BEIJING: In a popular Catholic church in the Philippines, nearly half of the pews were empty for Sunday Mass.
The few hundred worshippers who showed up were asked to refrain from shaking others’ hands or holding them during prayers to prevent the spread of the virus that started in China.
In Hong Kong, Cardinal John Hon Tong, wearing a mask, announced the suspension of public Masses for two weeks and urged churchgoers to instead watch them online.
Buddhist temples, Christian churches and Muslim mosques have been ordered closed since Jan. 29 in mainland China, where the new coronavirus strain was first detected in central Wuhan, under an order to avoid “collective religious activities.”
The restrictions and dwindling crowds in religiously diverse places of worship underscore the extent of the scare over the outbreak that has permeated many aspects of life in the hard-hit Asian region.
The virus has killed more than 1,500 people and infected more than 67,000 others, mostly in China, where several cities that are home to more than 60 million people have been placed under lockdown in an unprecedented effort to contain the disease.
All but three of the deaths have been in China. Japan, Hong Kong and the Philippines have reported one fatality each.
In Japan, where Buddhist temples and Shinto shrines are tourist destinations, a sharp decline in the number of foreign visitors has been a palpable setback. At normally popular Suzumushi, or Crickets, temple, a sign read, “Due to the impact of the COVID-19, no waiting expected,” using the name given to the disease by the World Health Organization.
“We assimilate with parishioners and many other people. We know that the talk of the town is really this virus and it’s obvious that many are scared,” said the Rev. Siegfred Arellano, a priest at the Binondo church in the Philippine capital’s Chinatown.
Attendance at Masses, Arellano said, “has really dropped.” After consulting health experts, the Catholic Bishops Conference of the Philippines announced steps late last month to fight the virus. Churchgoers were advised to avoid hand contact and receive the Eucharist, which symbolizes the body of Jesus Christ, in the hand instead of the mouth.
They said holy water should be replaced more often in church stoups and a protective cloth installed on the grills separating priests and worshippers in confessional boxes.

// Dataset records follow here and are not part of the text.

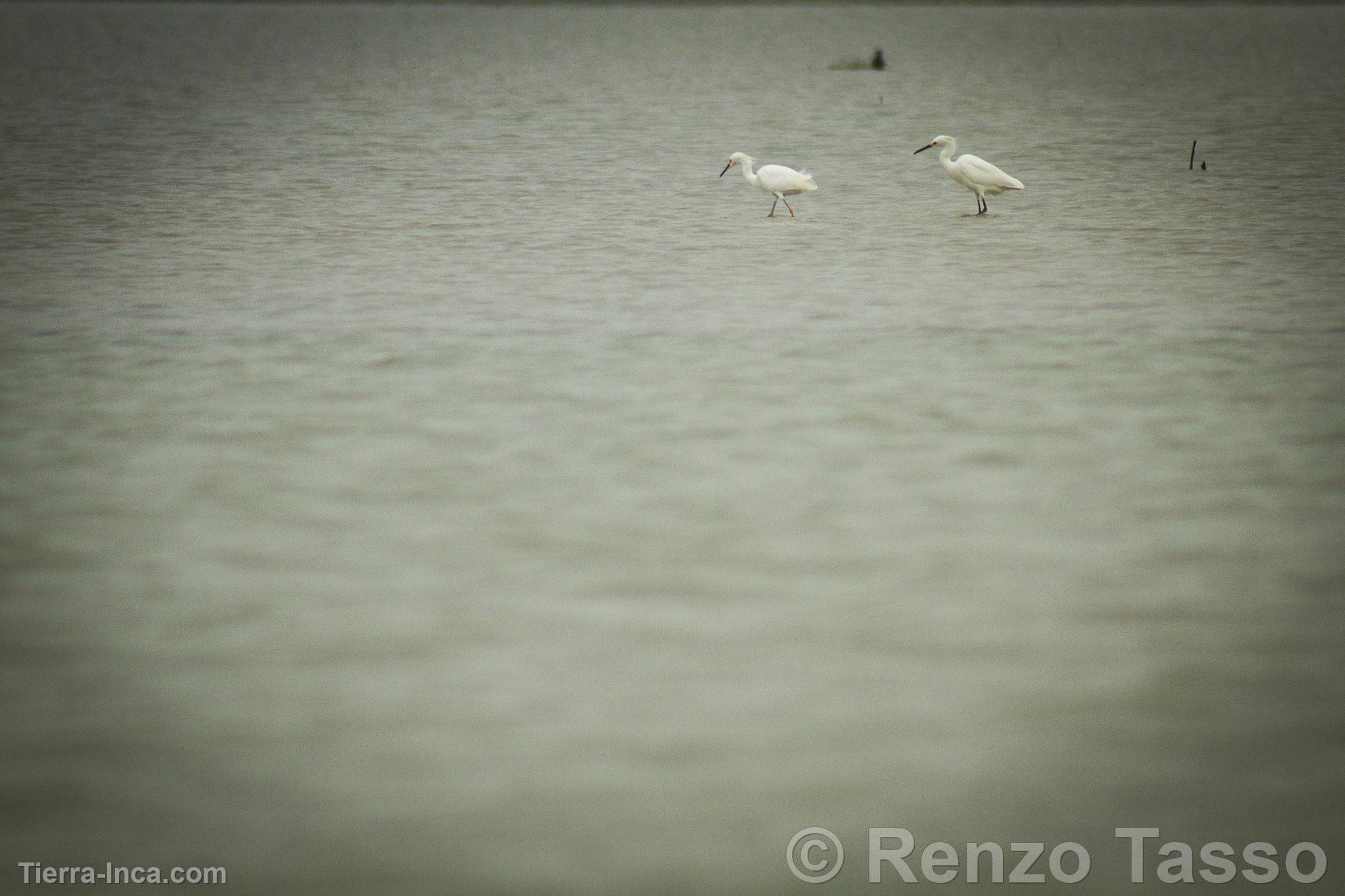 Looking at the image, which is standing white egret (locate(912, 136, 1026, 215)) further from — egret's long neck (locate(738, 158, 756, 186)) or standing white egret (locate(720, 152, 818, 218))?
egret's long neck (locate(738, 158, 756, 186))

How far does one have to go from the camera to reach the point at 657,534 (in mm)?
5551

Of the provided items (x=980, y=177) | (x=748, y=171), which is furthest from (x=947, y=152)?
(x=748, y=171)

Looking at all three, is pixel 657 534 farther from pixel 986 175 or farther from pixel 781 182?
pixel 986 175

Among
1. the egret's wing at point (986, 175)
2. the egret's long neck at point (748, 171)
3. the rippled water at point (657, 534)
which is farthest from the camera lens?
the egret's long neck at point (748, 171)

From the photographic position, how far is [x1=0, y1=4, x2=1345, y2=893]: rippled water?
150 inches

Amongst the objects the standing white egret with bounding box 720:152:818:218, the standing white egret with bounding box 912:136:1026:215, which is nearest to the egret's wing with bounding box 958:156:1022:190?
the standing white egret with bounding box 912:136:1026:215

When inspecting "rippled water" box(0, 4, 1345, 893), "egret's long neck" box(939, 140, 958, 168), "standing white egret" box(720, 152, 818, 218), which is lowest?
"rippled water" box(0, 4, 1345, 893)

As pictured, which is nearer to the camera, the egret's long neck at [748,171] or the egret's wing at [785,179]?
the egret's wing at [785,179]

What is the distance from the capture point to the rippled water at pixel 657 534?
12.5ft

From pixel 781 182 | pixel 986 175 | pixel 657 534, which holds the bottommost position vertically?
pixel 657 534

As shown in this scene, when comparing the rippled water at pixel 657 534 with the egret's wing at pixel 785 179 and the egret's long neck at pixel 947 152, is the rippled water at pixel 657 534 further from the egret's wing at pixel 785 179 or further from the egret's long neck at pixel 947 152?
the egret's long neck at pixel 947 152

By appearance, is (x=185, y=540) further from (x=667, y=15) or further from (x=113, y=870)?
(x=667, y=15)

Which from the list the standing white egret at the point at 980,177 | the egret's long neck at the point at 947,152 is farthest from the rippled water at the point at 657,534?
the egret's long neck at the point at 947,152

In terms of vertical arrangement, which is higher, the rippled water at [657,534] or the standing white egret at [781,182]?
the standing white egret at [781,182] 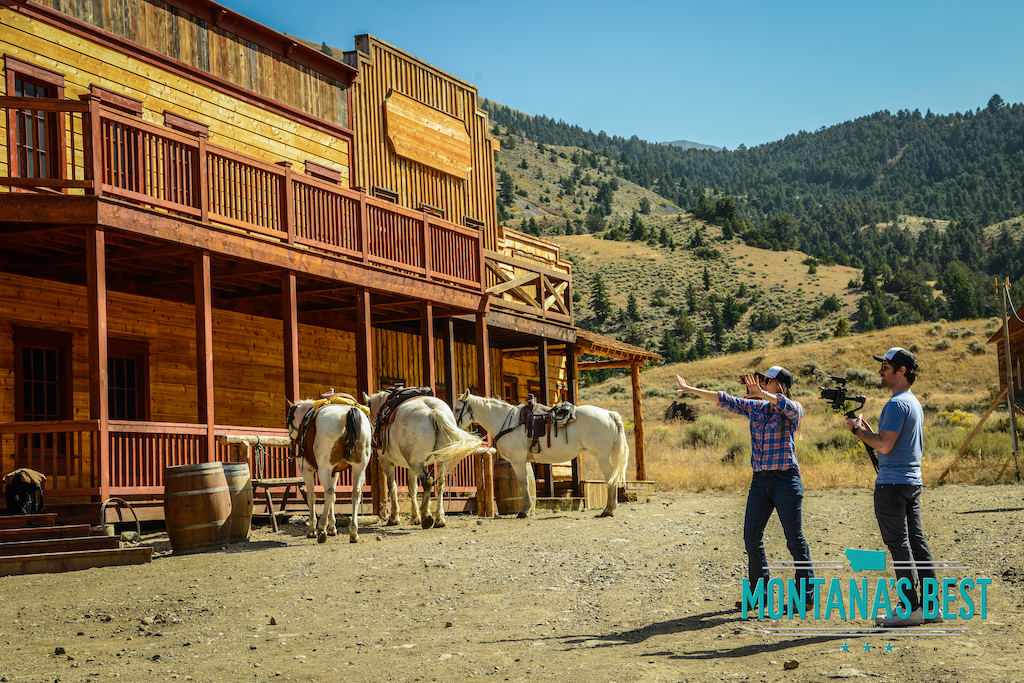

In Hong Kong, Tong initially approved precautions that included a choice for churchgoers to watch Sunday Mass online. Those who opted to go to churches were asked to wear masks and told that “singing is suspended,” except for short hymns like “Allelulia.” The new virus is spread through respiratory droplets, according to health officials.
He later announced the two-week suspension of Masses, saying the move was crucial to suppressing the outbreak and asked Hong Kong’s 400,000-strong Catholic community not to panic.
Crowds also have thinned at Bangkok’s popular Wat Pho, a centuries-old Buddhist temple complex known for its giant reclining Buddha. The temple is normally visited by thousands of tourists, many of them Chinese, during the peak travel season from December to February, but large numbers of visitors, as well as locals, have stayed away since the outbreak began, said Phra Maha Udom Panyapho, a monk in charge of tourism at the temple.
A Protestant church in Seoul shut its doors and switched entirely to online worship services after one of its followers tested positive for the virus on Jan. 30.
Other Protestant churches in South Korea have sprayed their halls and rooms with disinfectant canceled children’s Bible school programs and asked followers to minimize socializing. Hundreds of Catholic churches in the country have halted the use of holy water stoups, allowed churchgoers to wear masks during Masses and discouraged those with flu-like symptoms or those who came from countries with confirmed cases of infection from attending.
Unlike public areas such as shopping malls, recreational centers and parks, discouraging the devout from going to their places of worship and imposing other restrictions on sacred sites can be extra sensitive. Amid the risks, some devotees consider going to religious gatherings as a test of faith.
“The virus can’t dampen my faith,” said Rey Gilber, a 55-year-old father of two who went to Mass at the Binondo church in Manila with his family. “God is always there and won’t abandon us.” A key mosque in Malaysia’s administrative capital of Putrajaya and two other mosques briefly closed their doors last month to non-Muslim visitors amid the virus scare, but later reopened after Prime Minister Mahathir Mohamad called the move irresponsible.
Tens of thousands of ethnic Hindus, meanwhile, gathered last weekend to celebrate an annual festival called Thaipusam in the central Malaysian state of Selangor, undeterred by the outbreak. Malaysia has reported 19 cases of the virus.
Still, hundreds of staff and temple workers along with two dozen ambulances stood by. Emergency medical outposts were established as a precaution at the Batu Caves temple on a limestone hill, where pilgrims and tourists descended to watch devotees pierce their skin with hooks and skewers and carry offerings up a flight of 272 steps to the temple.
“We will not get the virus because God exists here,” said Saratha, a 60-year-old housewife.
Without a cure in sight, many Asians have turned to faith.